En 2014, une société exerçant son activité dans un local loué sous le régime des baux commerciaux a été placée en redressement judiciaire puis a bénéficié d’un plan de redressement en 2016. Trois ans plus tard a été prononcé la résolution du plan de redressement et la mise en liquidation judiciaire de la société preneuse. C’est alors qu’un mois après, le bailleur a saisi le juge-commissaire d’une demande en résiliation du bail en non-paiement des loyers depuis la mise en liquidation judiciaire.

Après avoir vu sa demande rejetée par la cour d’appel, le Bailleur conteste et forme un pourvoi en cassation, au motif que l’action en résiliation du bail peut être engagée à l’expiration d’un délai de 3 mois à compter du jugement d’ouverture. Le point de départ étant soit la date du jugement d’ouverture de la liquidation judiciaire, soit la date du jugement d’ouverture de redressement en cas de conversion de la procédure en liquidation judiciaire ou lorsque la liquidation judiciaire fait suite à la résolution du plan de redressement.  Le Bailleur prétend enfin que le juge doit se placer à la date du jugement et non à celle de la demande.

Concernant le point de départ, la cour a jugé qu’en présence d’une liquidation ouverte suite à la résolution du plan de sauvegarde, « il ne s'agit pas d'une conversion de la procédure de redressement en cours, mais d'une nouvelle procédure collective, de sorte que, dans cette hypothèse, le point de départ du délai de trois mois est la date du jugement prononçant la résolution du plan et ouvrant la liquidation judiciaire ». S’agissant de l’appréciation de la date de la demande, le juge doit se placer non à la date à laquelle il statue, mais à la date à laquelle le bailleur l'a saisi de la demande de résiliation.

Une décision étonnante au regard de celles rendues dans les domaines voisins. En effet, en cas redressement judiciaire converti en liquidation judiciaire, les juges estiment de manière constante que la liquidation n’est pas une nouvelle procédure mais le prolongement de la précédente (Cass. com., 24 juin 2014, n° 13-21.074).

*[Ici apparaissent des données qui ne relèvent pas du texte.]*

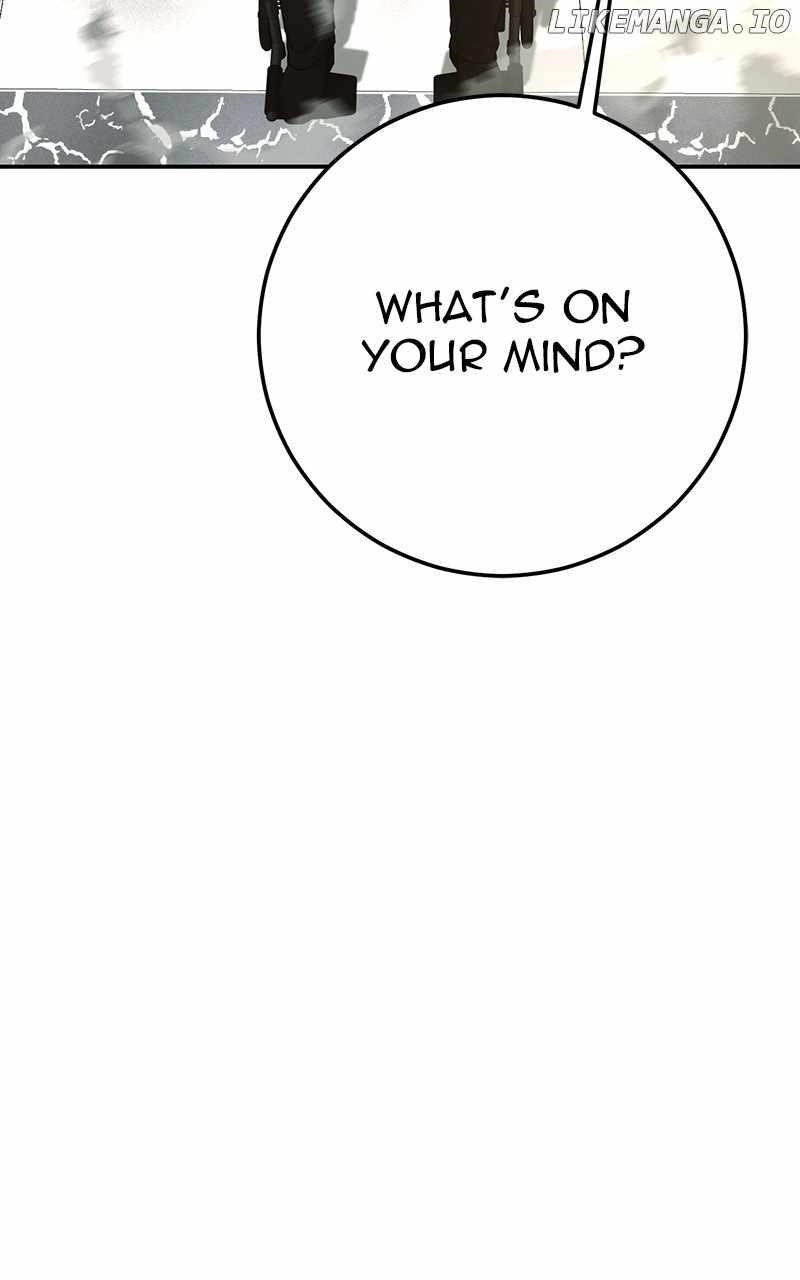 Son’s Retribution - Chapter 45 Page 191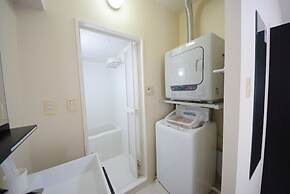 SUMUKA Shintoshin II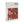 Load image into Gallery viewer, MoMA Matisse: The Red Studio Hardcover Book
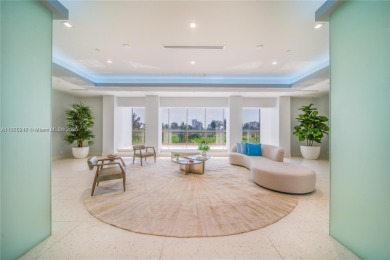 Don't miss the opportunity to live in the Heart of Aventura!!!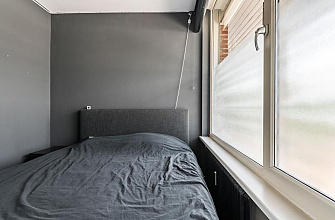 Daniël Noteboomstraat 50 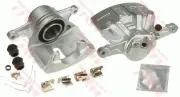 Bremssattel Vorderachse rechts TRW BHW303E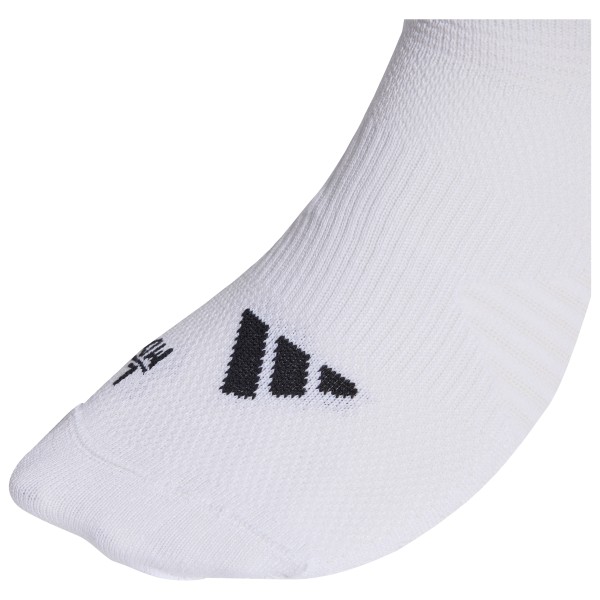 adidas - RUNxRFLCTV Sock - Hardloopsokken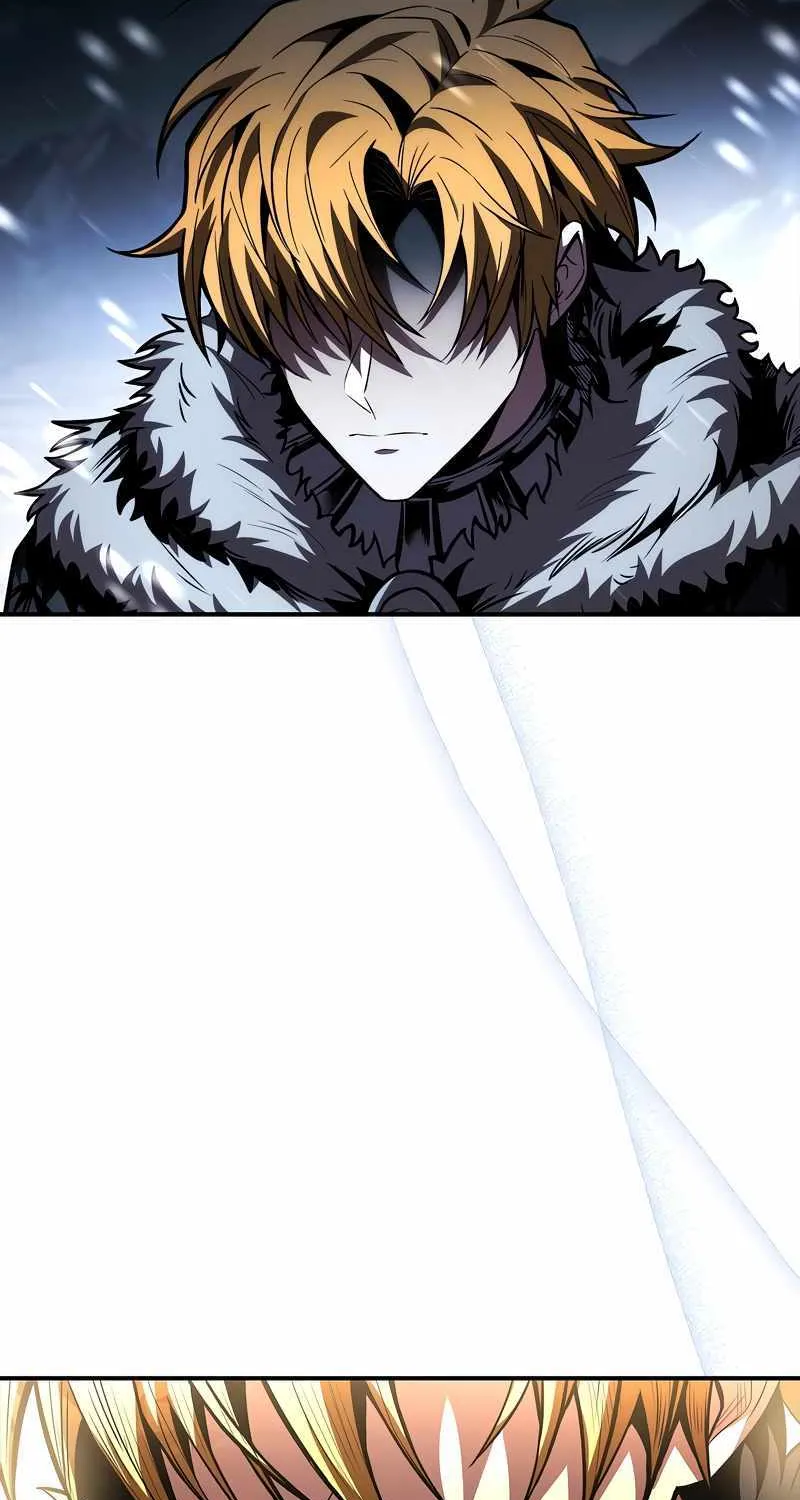 Talent-Swallowing Magician Chapter 80 page 34 - 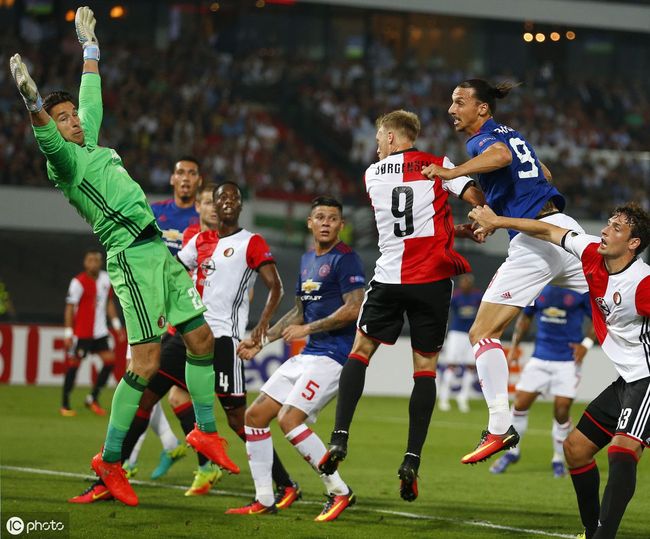 从数据层面 从数据层面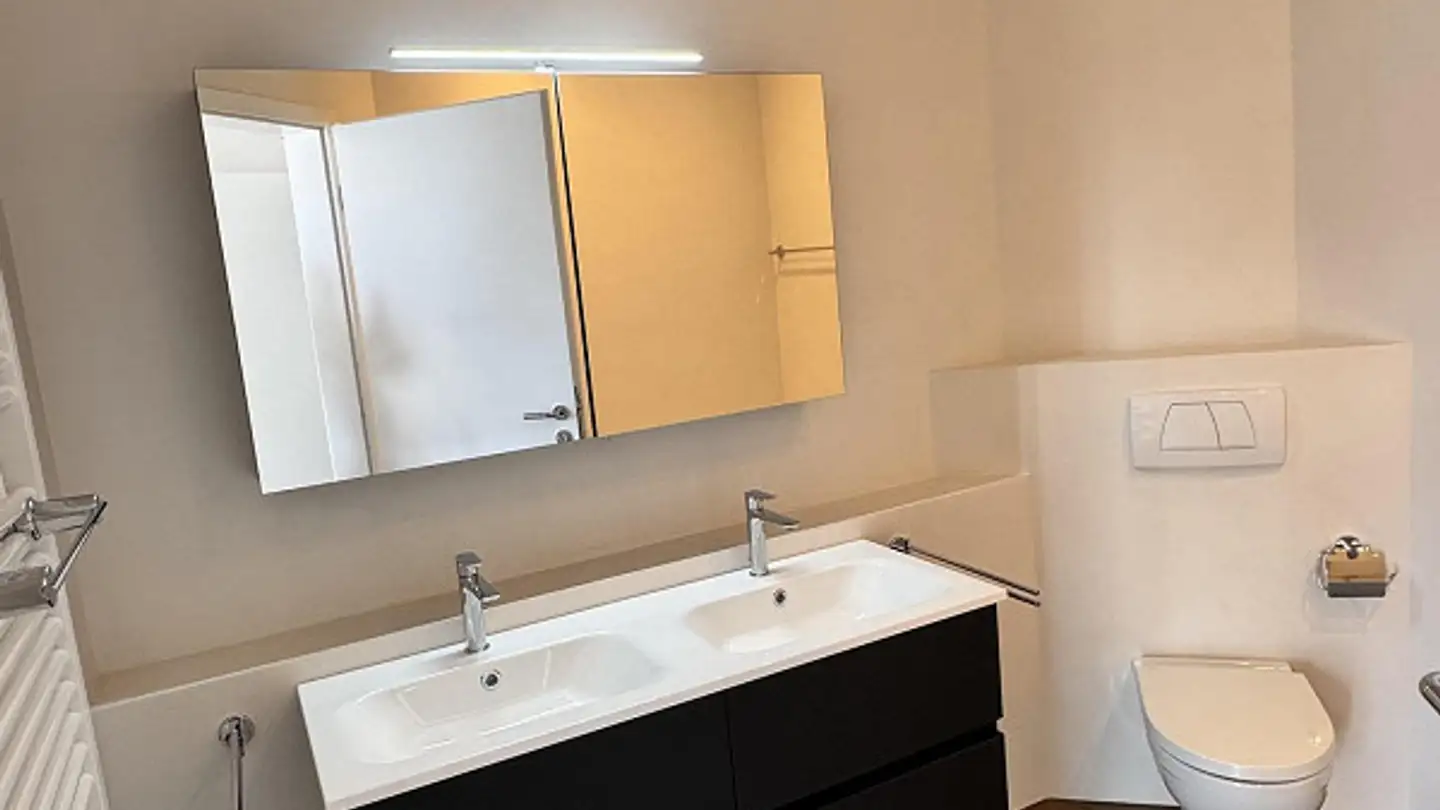 Apartment for sale - 6353 Weggis - Photo 4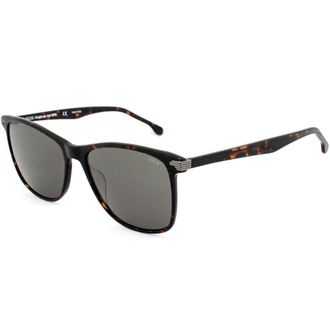 Lozza L4162m Tortoise Unglae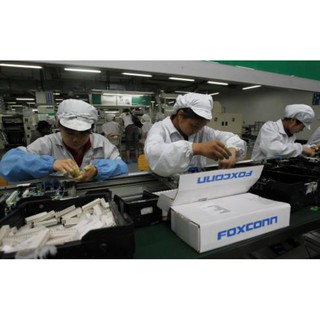 [GIÁ TỐT] Bộ Củ sạc A21 + Cáp foxcom cao cấp (iphone 5-6-7-8-X)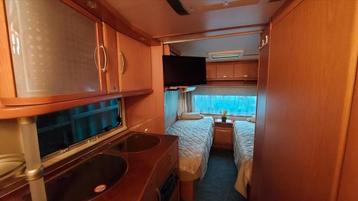 Fendt Diamant 510 TG beschikbaar voor biedingen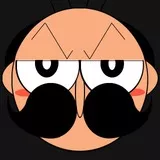 DANGEROUS GRAND FATHER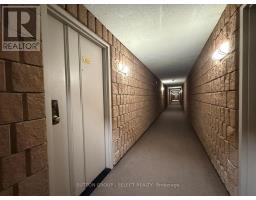 810 - 600 GRENFELL DRIVE - 6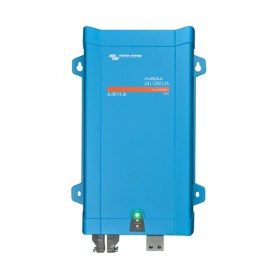 MultiPlus 500VA - 1200VA-3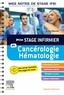 Jérôme Alexandre - Mon stage infirmier en cancérologie-hématologie.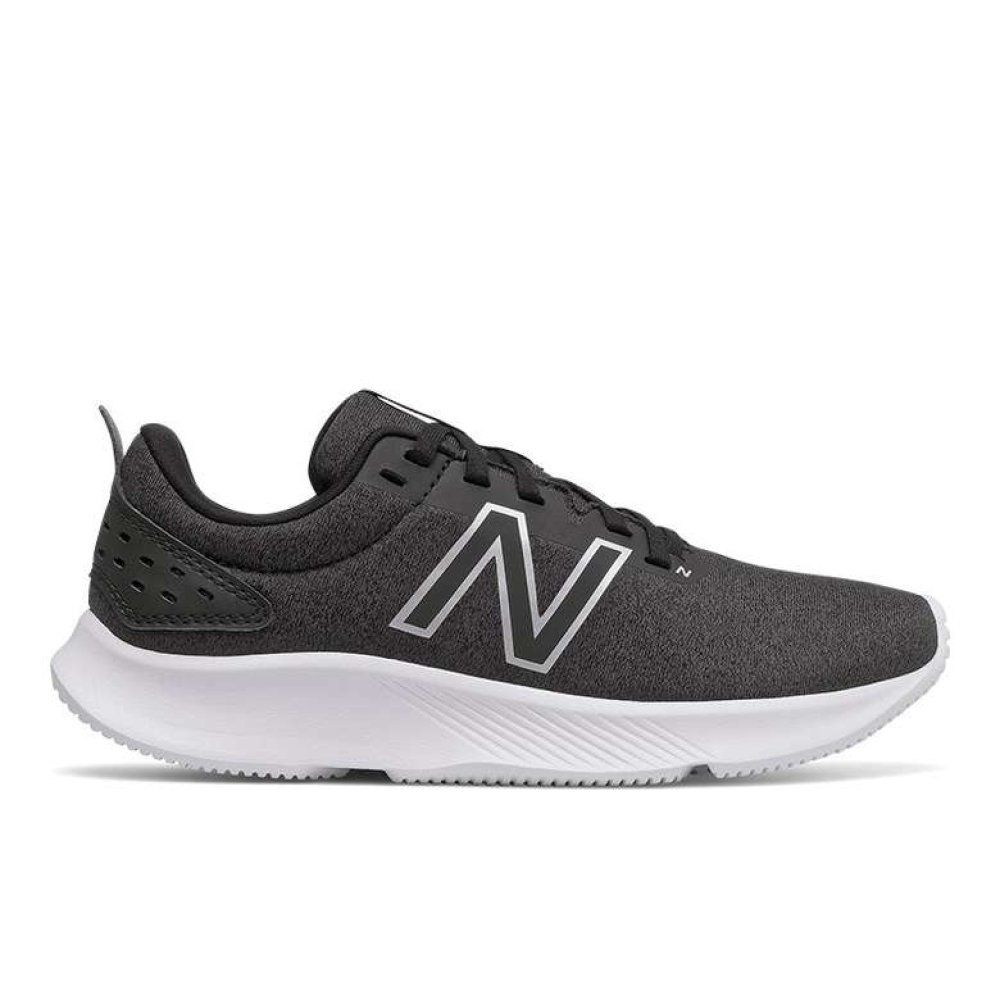 New Balance WE430LB2 Unisex Spor Ayakkabı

Dans ce cas-là, le délai de 3 mois court dès l’ouverture du redressement et non de la liquidation judiciaire.

Conformément à sa position courante, la cour apprécie la recevabilité de l’action à la date à laquelle l’action a été introduite (Cass. com., 6 déc. 2005, n° 04-10.287). Bien qu’en l’espèce le Bailleur ait renouvelé sa demande ultérieurement en cours de procédure, cela est resté inefficace. La cour précise clairement la prise en compte de « la date à laquelle le Bailleur l’a saisi de la demande en résiliation ».

A retenir de cet arrêt : En cas de liquidation judiciaire faisant suite à la résolution d’un plan de redressement il s’agit d’une nouvelle procédure collective faisant courir le délai de 3 mois à compter de la date de la résolution du plan de redressement. Même si à la date à laquelle le juge statue est postérieure à 3 mois, seule la date du dépôt de la demande comptera, peu importe le renouvellement ultérieur de la demande en cours de procédure.